King in Hindu tradition

Jarasandha (जरासन्ध) is a legendary king featured in the Hindu texts. He is described as a powerful monarch of Magadha Kingdom, and a prominent enemy of the deity Krishna. He is also mentioned as the ninth pratinarayana in the Jain text Harivamsa Purana.

==Etymology==
The word Jarasandha has been explained as a combination of two Sanskrit words: jara (जरा) and sandha (सन्ध), "joining". The meaning of Jarasandha is "the one who is joined by Jara".

==Legend==

=== Birth and early life ===
Jarasandha's father, King Brihadratha, was married to the twin daughters of the king of Kashi.
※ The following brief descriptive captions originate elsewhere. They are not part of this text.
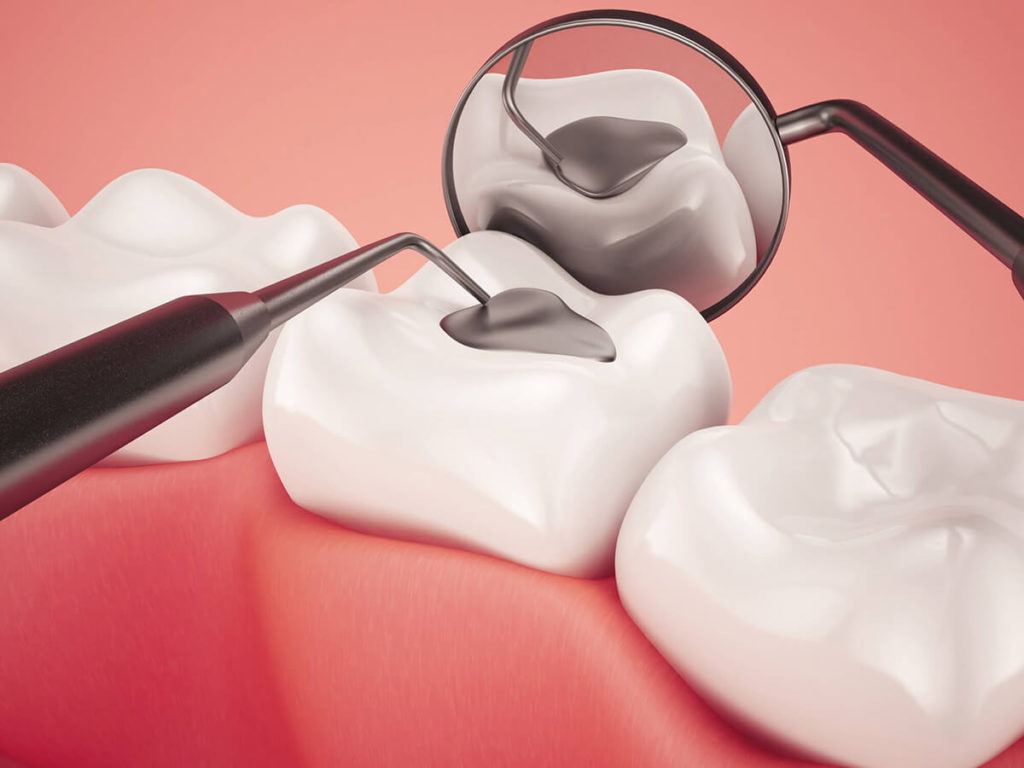 The Waiting Game: How Fast Can a Cavity Form?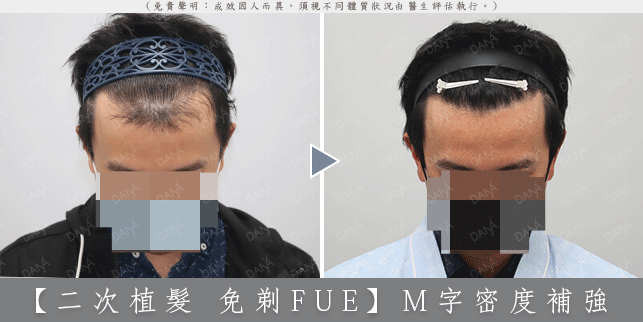 FUE 案例1-1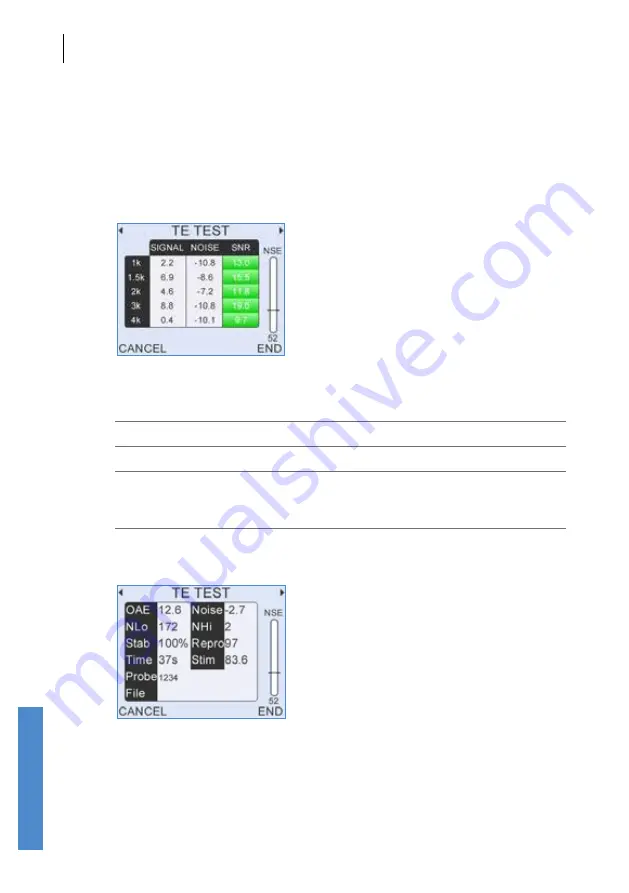 Otodynamics Otoport Advance Скачать руководство пользователя страница 86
Brihadratha loved both his wives equally but had no sons. The sage Chandakaushika visited his kingdom and gave fruit to the king as a boon. The king divided the fruit equally between both of his wives. Soon, both wives became pregnant and gave birth to two halves of a human body. These two lifeless halves were very horrifying to view, so Brihadratha ordered to be thrown in the forest. An rakshasi named Jara found the two halves and picked up one with her right hand, one with her left, holding each piece in her palm. When she brought both of her palms together, the two pieces joined, becoming a living child. The child cried loudly, which caused Jara to panic. Not having the heart to eat a living child, Jara took the baby to the king and explained to him all that had happened. The father was overjoyed to see his son, and named the baby "Jarasandha" in honor of Jara the Asuri.
He is considered to be an incarnation of the demon Viprachitti.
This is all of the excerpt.